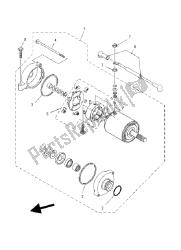 STARTING MOTOR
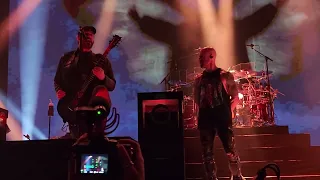 Breaking Benjamin ft. Chris Daughtry- Breath (live) @ wings event center MI 3/30/24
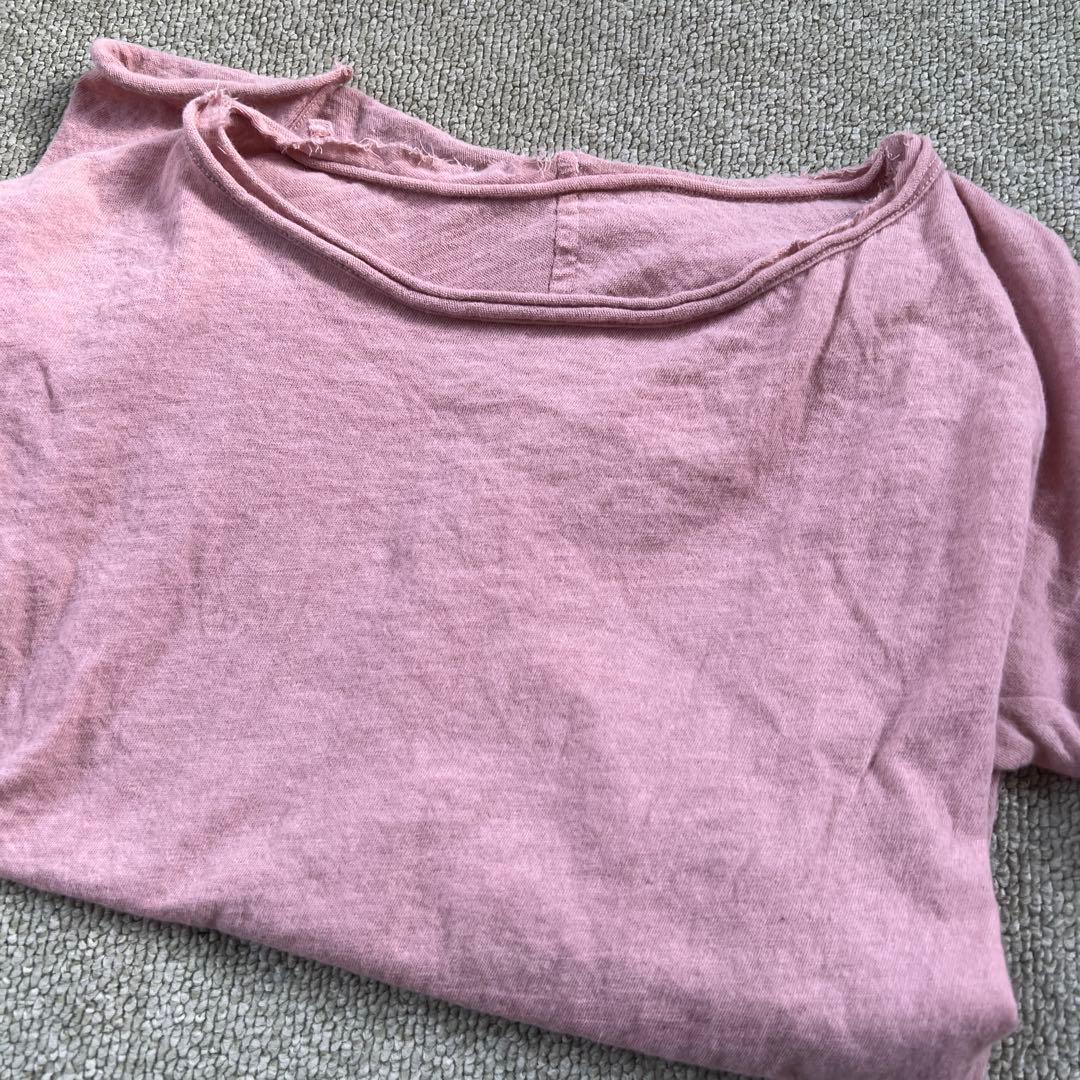 【Y's】アンゴラ 長袖トップス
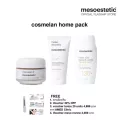 cosmelan homepack + ของแถม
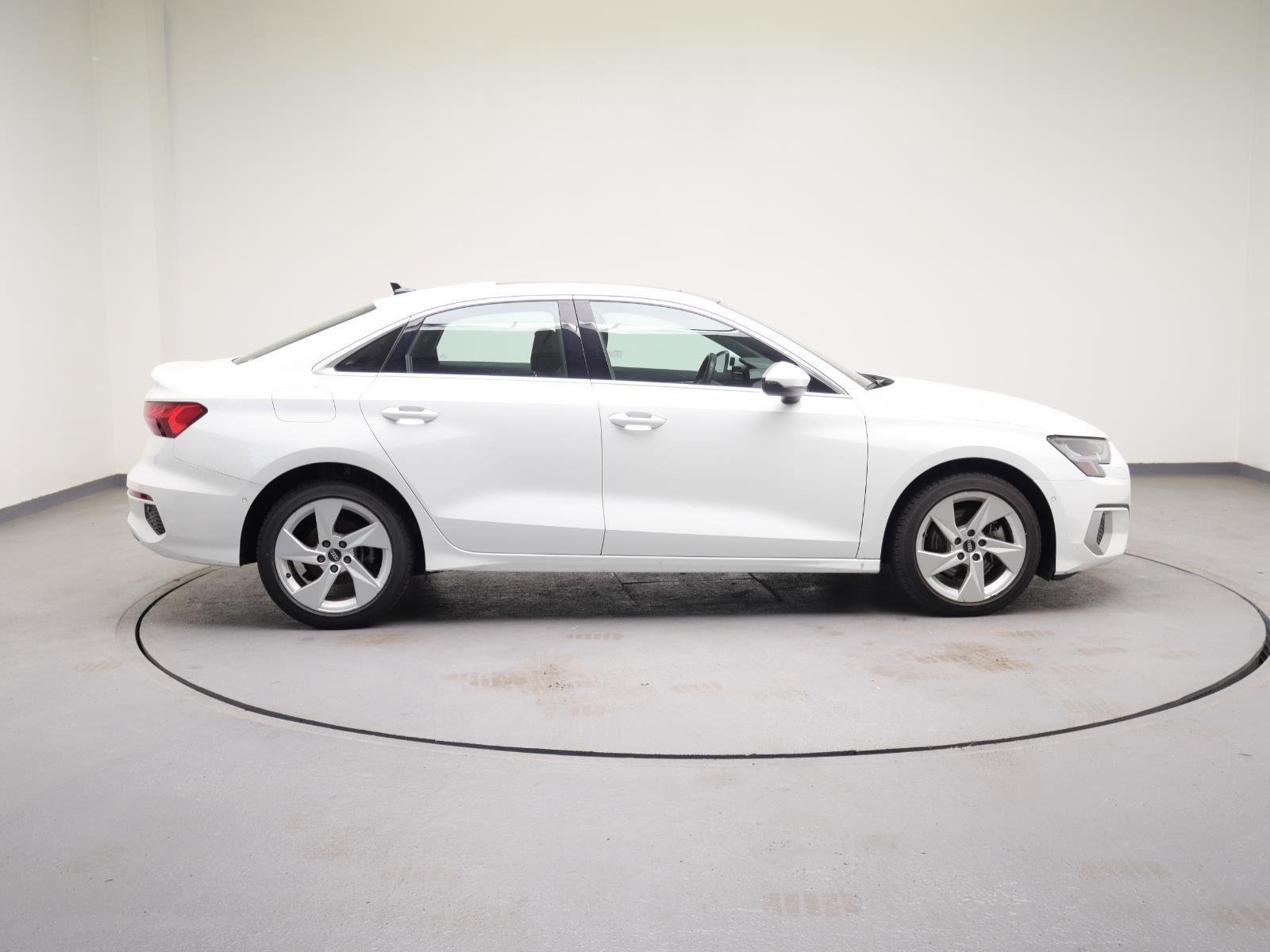 Used 2022 Ibis White Audi Premium image 6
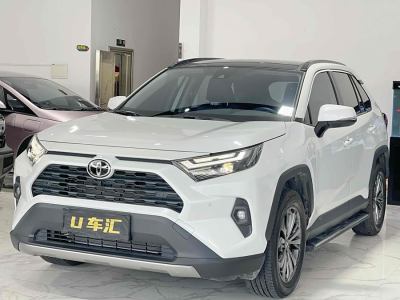 2024年8月 豐田 RAV4榮放 2.0L CVT兩驅風尚Plus版圖片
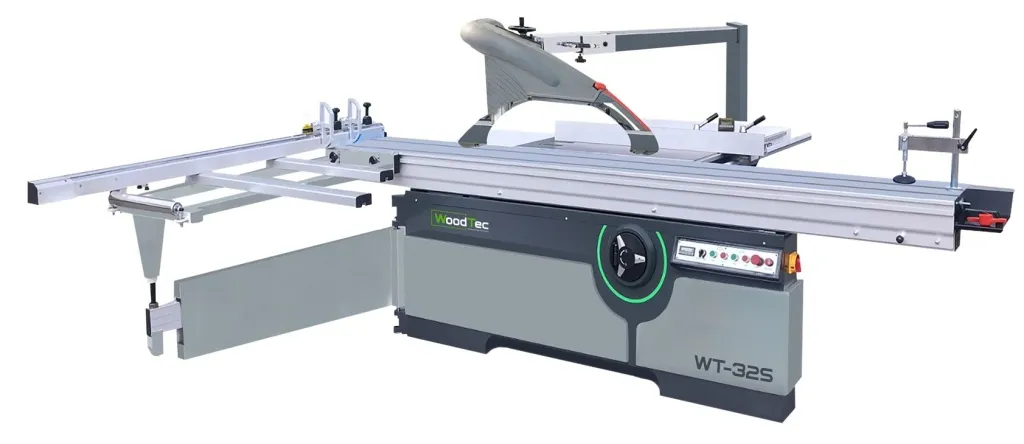 Форматно-раскроечный станок мод. WOODTEC WT-32S Форматно-раскроечный станок мод. WOODTEC WT-32S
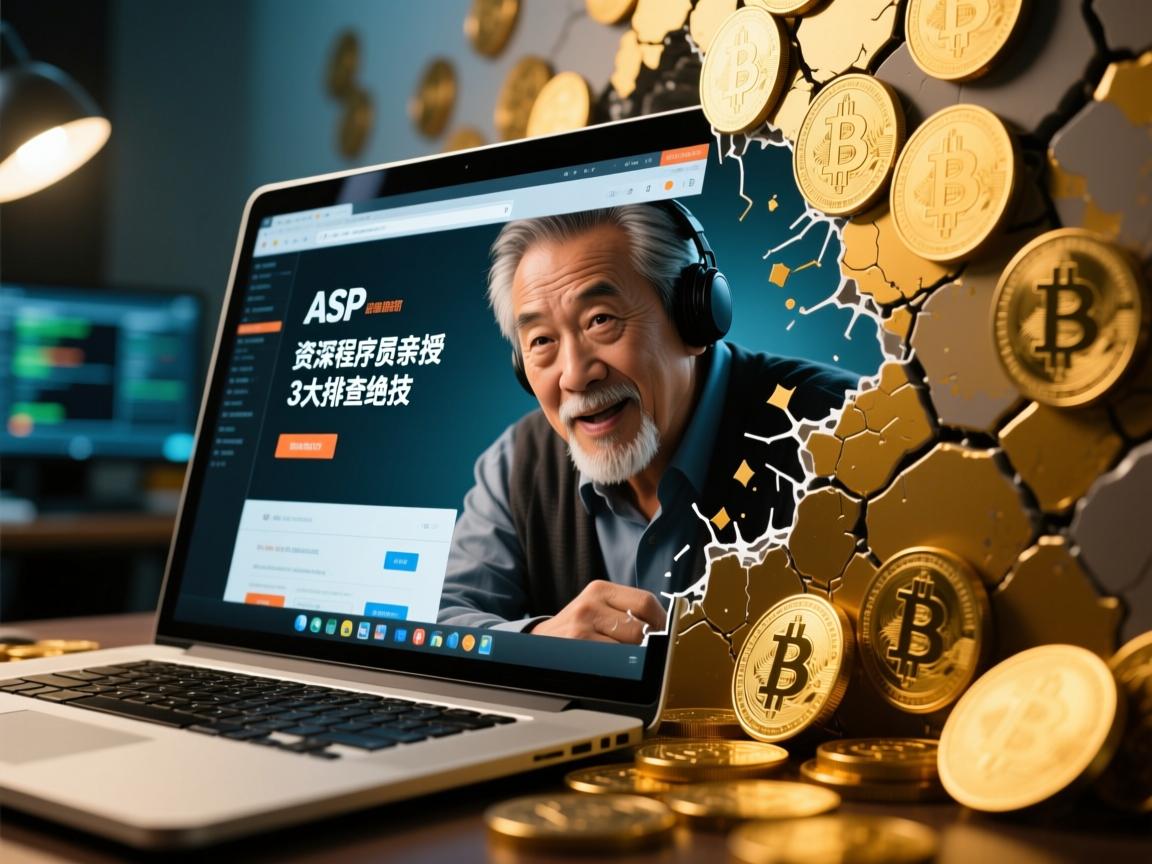 ASP网站惊现鬼打墙!资深程序员亲授3大排查绝技,最后一招绝了!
==========
What you need to do
Pictures in the data above should not be copied; transcribe everything else exactly.

The answer
 STARTING MOTOR
 Breaking Benjamin ft. Chris Daughtry- Breath (live) @ wings event center MI 3/30/24
 【Y's】アンゴラ 長袖トップス
 cosmelan homepack + ของแถม
 Used 2022 Ibis White Audi Premium image 6
 2024年8月 豐田 RAV4榮放 2.0L CVT兩驅風尚Plus版圖片
 Форматно-раскроечный станок мод. WOODTEC WT-32S Форматно-раскроечный станок мод. WOODTEC WT-32S
 ASP网站惊现鬼打墙!资深程序员亲授3大排查绝技,最后一招绝了!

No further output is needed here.